A : On y travaille. Mais entre les concerts, la promo, on n’a pas encore eu vraiment le temps de s’y mettre. On a vécu une année de dingue. On a quelques
pistes, des idées, quelques morceaux...
Bientôt les premières notes d’Autour de Lucie parviennent à nos oreilles. Je quitte alors les Aline en leur souhaitant le meilleur pour le concert à venir.
23h40. Début du concert. Le public briochin est désolant. Une centaine de personnes présente sur une jauge de 400. Mais un public client, réceptif. Enfin, à la
bretonne. Aline livre un concert efficace, qui séduit sur Les désaxés, reprise de 1985 de « tout ce que je veux » qu'on croirait tout droit sorti du giron alinien. On découvre par
ailleurs que Romain siffle aussi juste que Micheline Dax.
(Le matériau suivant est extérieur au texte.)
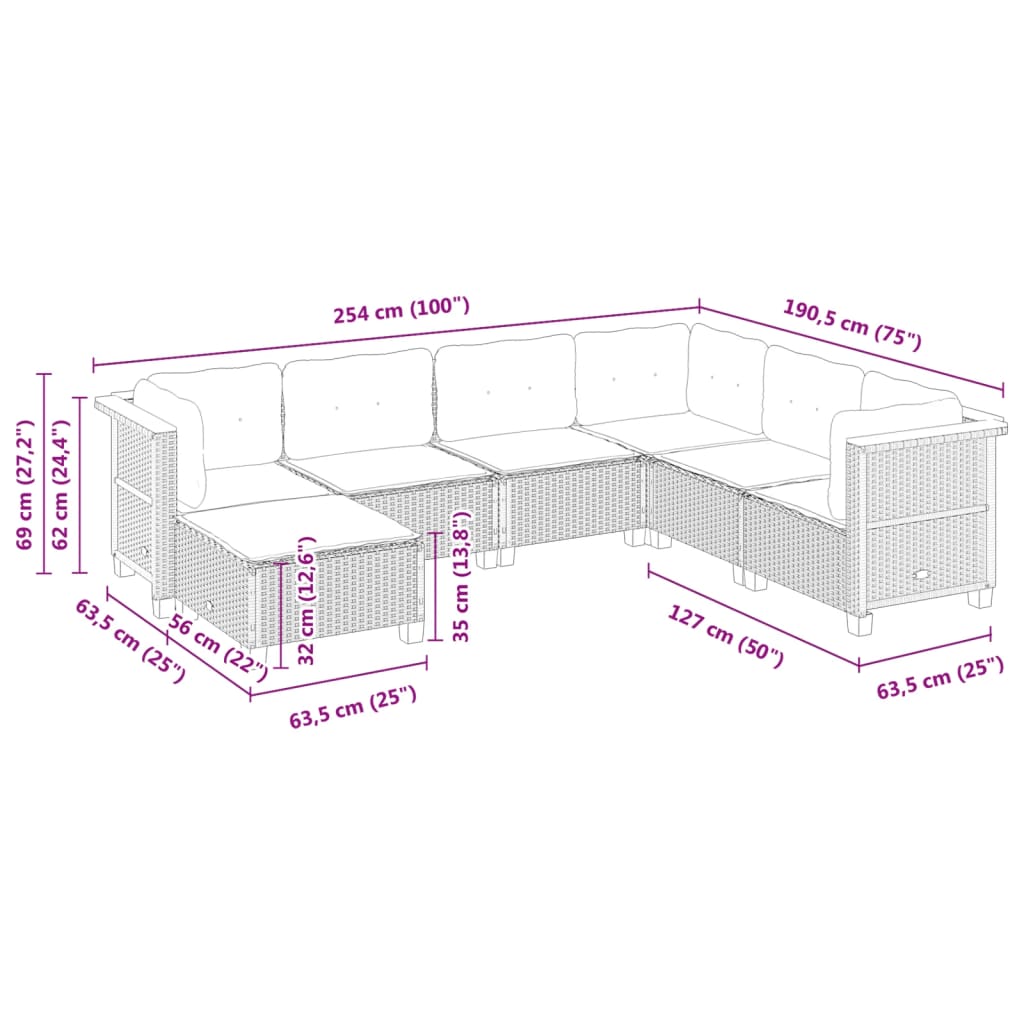 7-tlg. Garten-Sofagarnitur mit Kissen Grau Poly Rattan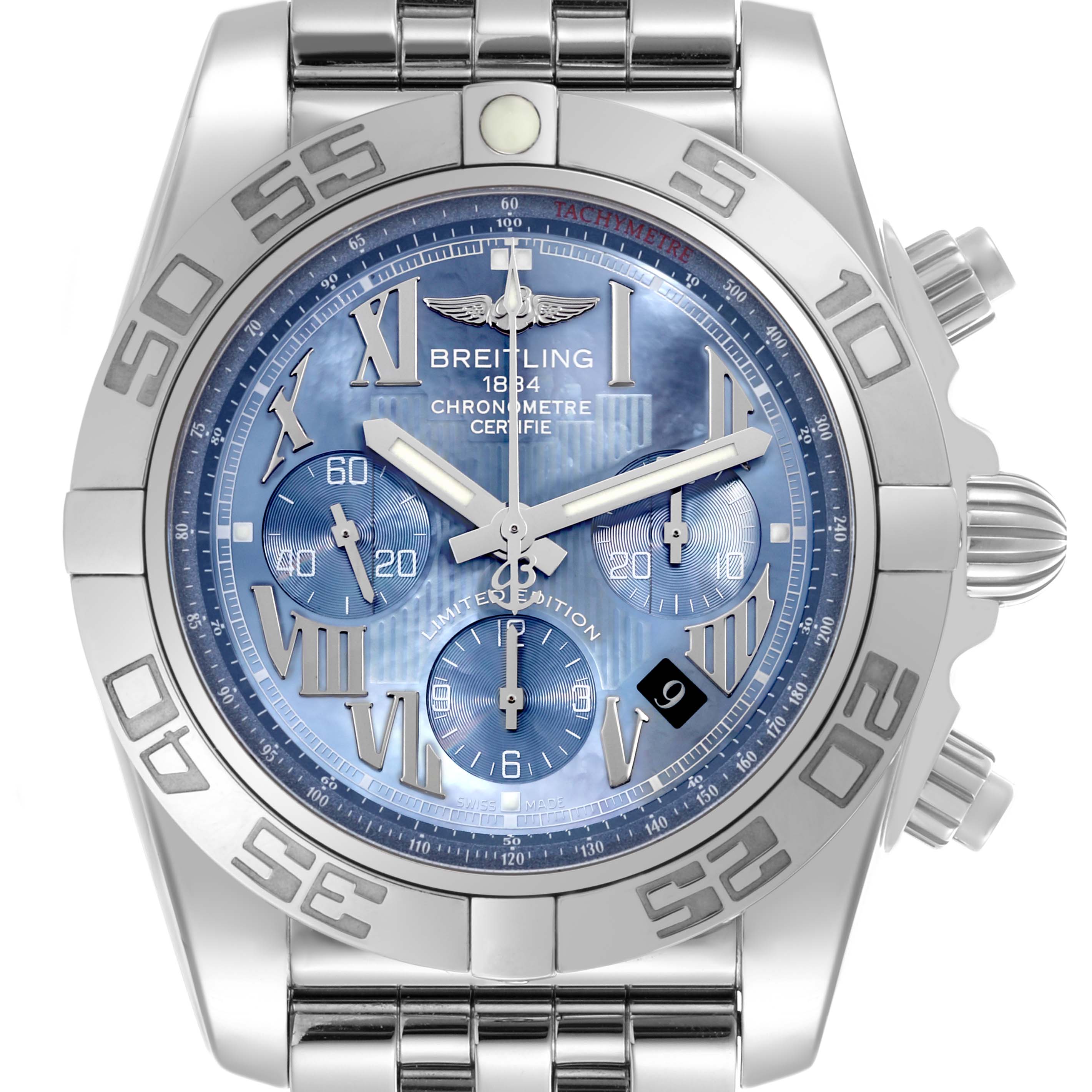 The Breitling Chronomat AB0110 Men's Stainless Steel Mother of Pearl Dial AB0110 Men's Stainless Steel Mother of Pearl Dial watch is shown from a top-angle, displaying its face, bezel, pushers, and part of the bracelet.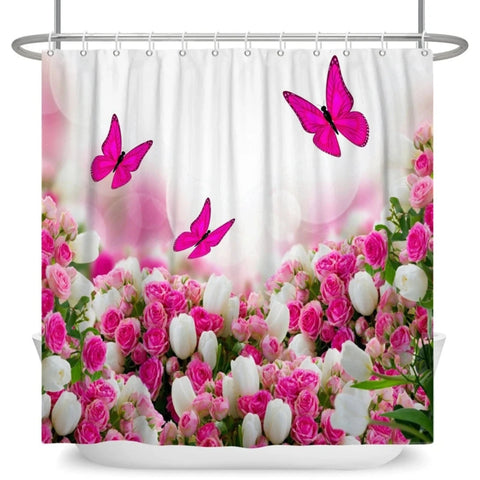 Pink Purple Butterfly Shower Curtain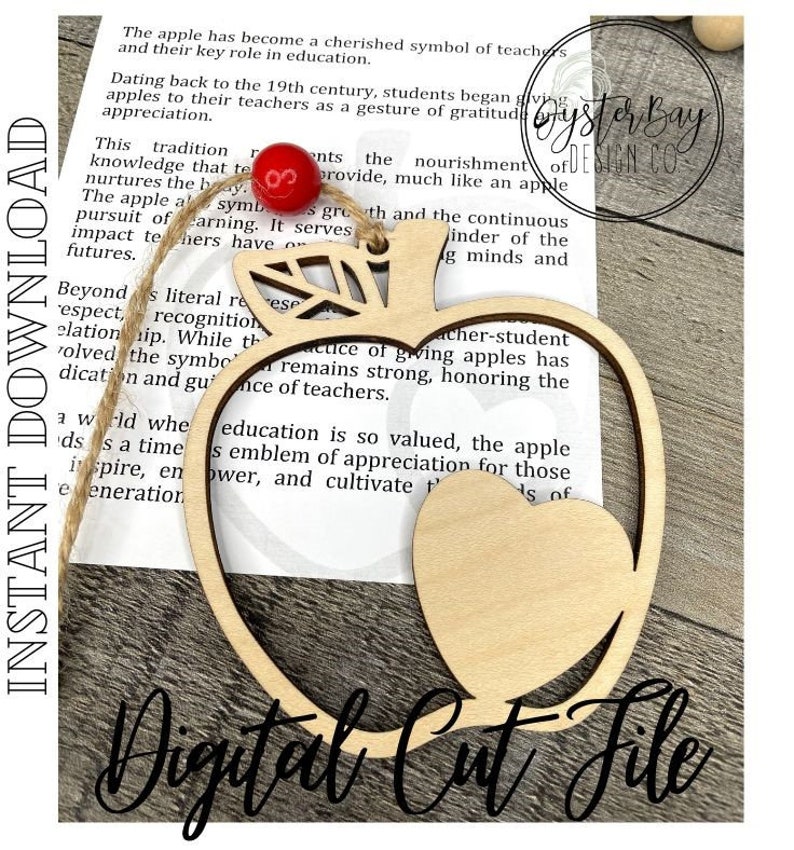 The Educators Orchard Apple Ornament, Teacher Ornament, Educator Gift, Car Charm, Teacher-Student Gift, Story Ornaments Digital File Only image 4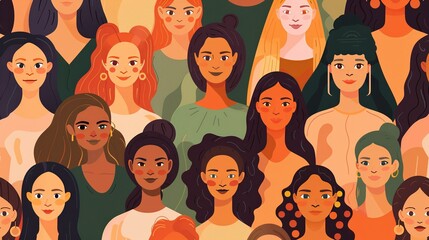 Colorful flat vector illustration of diverse women with soft edges and subtle gradients, representing various ethnicities, skin tones, and hair textures. 
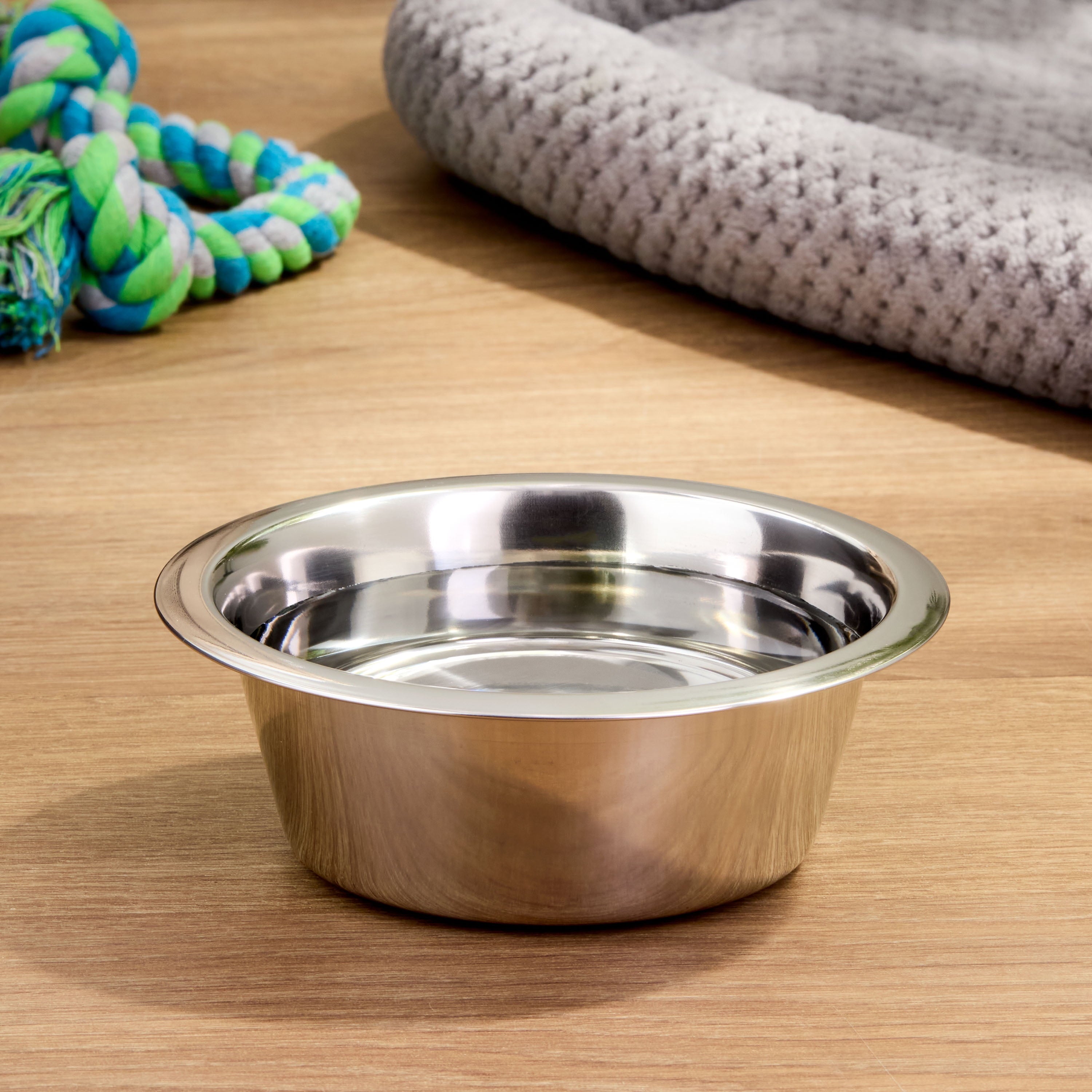 Stainless Steel Paw & Beads Imprint Dog Bowl Small - Image 2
On apprécie également l'aisance du jeu de scène, qui fait aujoud'hui qu'Aline, plus que jamais, est un groupe à voir en
concert.
Aline enchante sur « Deux hirondelles ». Et puis remporte la mise avec le combo « Je bois et puis je danse », « Elle m’oubliera » et « Teen whistle ».
© M.Lelchat
Il est 00h50 et les Aline ont joué à St Brieuc. On espère les revoir en Bretagne très vite. Pour leur musique certes. Nerveuse, généreuse, addictive. Mais aussi parce qu’à 4h00 du mat’ on rentre chez soi en se disant que définitivement, ce sont de chics types. A bientôt les copains.